Головокружение никуда не делось, и мне пришлось схватиться за его руки, которые чудесным образом легли на мою талию.
— Чай и вафли, Рапунцель, — говорит мне прямо в губы, не отрывая взгляда от моих глаз, пока я часто моргаю и туго соображаю, что вообще со мной сейчас происходит, — потом можешь чесать отсюда на все четыре стороны, но без голодных обмороков. — Он еще некоторое время пялится на мои губы, после чего отодвигает от себя с усмешкой. — Неужели дома не кормят, принцесска? Или ты на добровольной основе кости сушишь?
— А ты всегда такое хамло? Или по особым случаям?
Поднимаю бровь вверх, а дикарь улыбается, и чтобы не чувствовать, как зашкалил от этого мой пульс, отворачиваюсь к столу, на котором стоят кружки. Проглатываю противную густую слюну, понимая, что готова выпить злополучный чай, чтобы не ощущать, как во рту появляется пустыня.
— Чай так чай. — Отодвигаю стул и сажусь за стол, пока за спиной раздается движение.

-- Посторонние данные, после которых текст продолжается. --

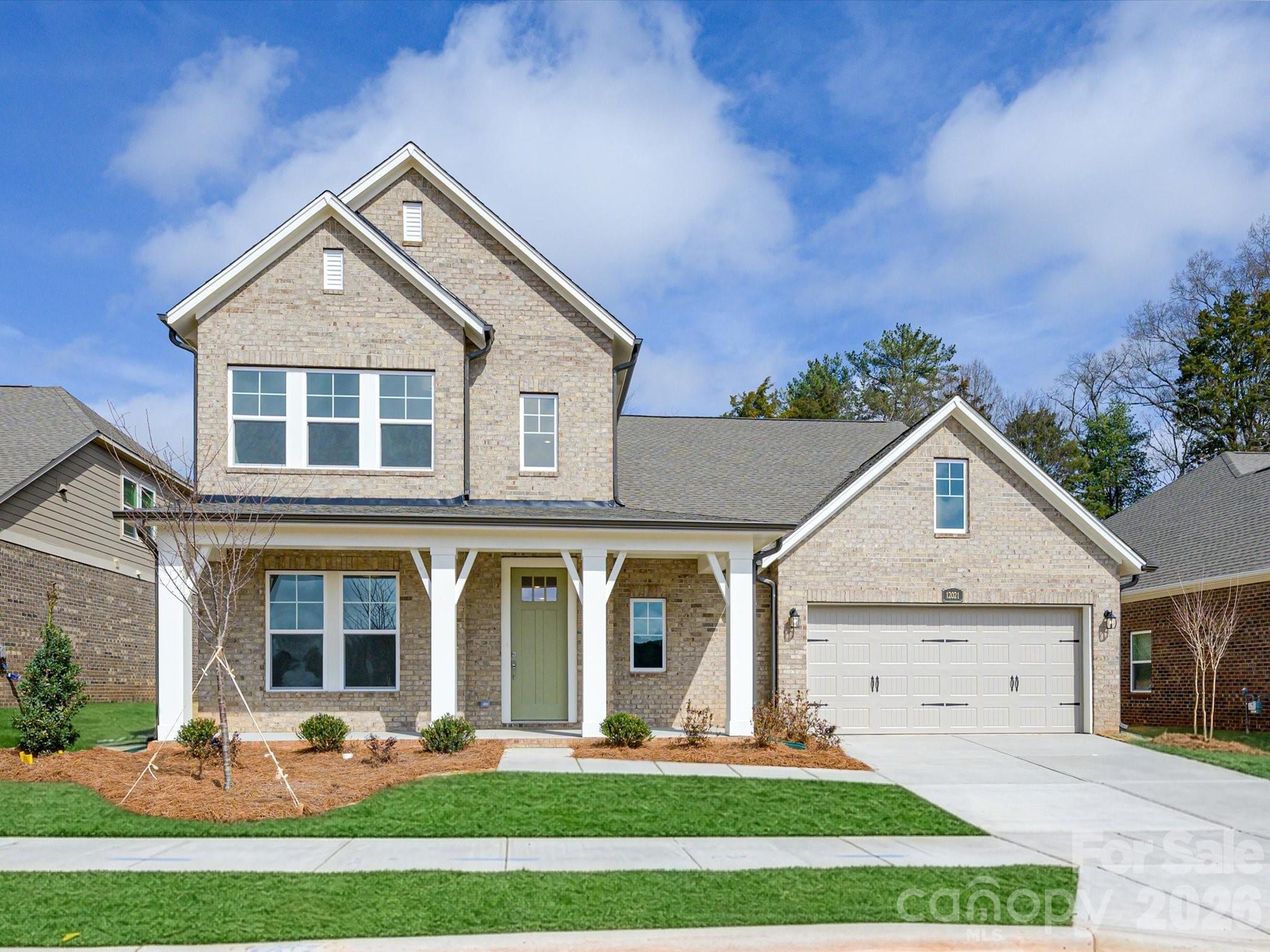 12021 Mariner Drive, Mint Hill, NC. property listing photo
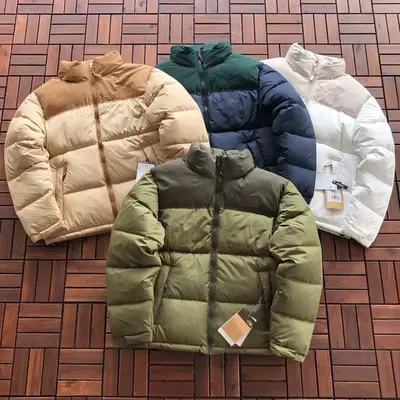 ¥~379 T🔥🔥N🔥🔥F🔥🔥 DOWN JACKET 22110226 (im 176CM 58KG iwear size M in the photo)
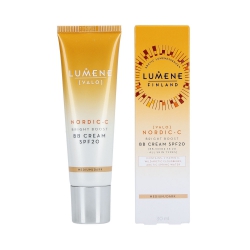 Bright Boost BB Cream SPF20 Medium/Dark 30ml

Мне до жути не по себе, но… но я не хочу уходить. Смотрю на кружку, оценивая масштаб трагедии, и прикасаюсь пальцами к кошке, которая на ней изображена. Черная на белом. У нас в доме никогда не было литровых кружек. Мама так их называла. Не может настоящая леди пить из такой чашки, которая и не чашка вовсе, а корыто объемом с водоем. У нас приветствовались лишь изысканные сервизы стоимостью в тысячу евро, как минимум. Европейское качество, и все дела. Мама любила шикануть. Чтобы ужины соответствовали семье политика. С самого детства с белоснежной салфеткой на коленях и прямой спиной, будто к ней прибили спинку стула.
— Сахар прямо по курсу. Ложка. И вафельки для принцесски. — Дикарь снова театрально кланяется, поставив передо мной тарелку с шоколадными вафлями, от аромата которых мой желудок сводит болезненным спазмом.
Приходится прокашляться, чтобы легкое урчание осталось не замеченным.
— А яда там нет? — Улыбаюсь ему так же мило, как и он пару секунд назад.
— Хотел
— Нет. Для дикарей другая участь, — пододвигаю кружку к себе и грею об нее руки, ловя при этом странные ощущения, — в яму, овраг или пещеру. А может на еду соплеменникам, как вариант.
— Сказать что-то добрее не можешь? — Усмехается, пока я смотрю чуть ли не со слюной на зовущую меня вафлю.
Она изумительно пахнет, а еще там орешки под слоем шоколада. Должно быть невероятно вкусно. Мама помешана на правильном питании, и вместо традиционных сладостей нам привозят ПП-десерты. Тоже вкусно, но иногда хочется чего-то вредного. То, что мне всегда запрещали, будто здоровье испортит одна шоколадная вафелька.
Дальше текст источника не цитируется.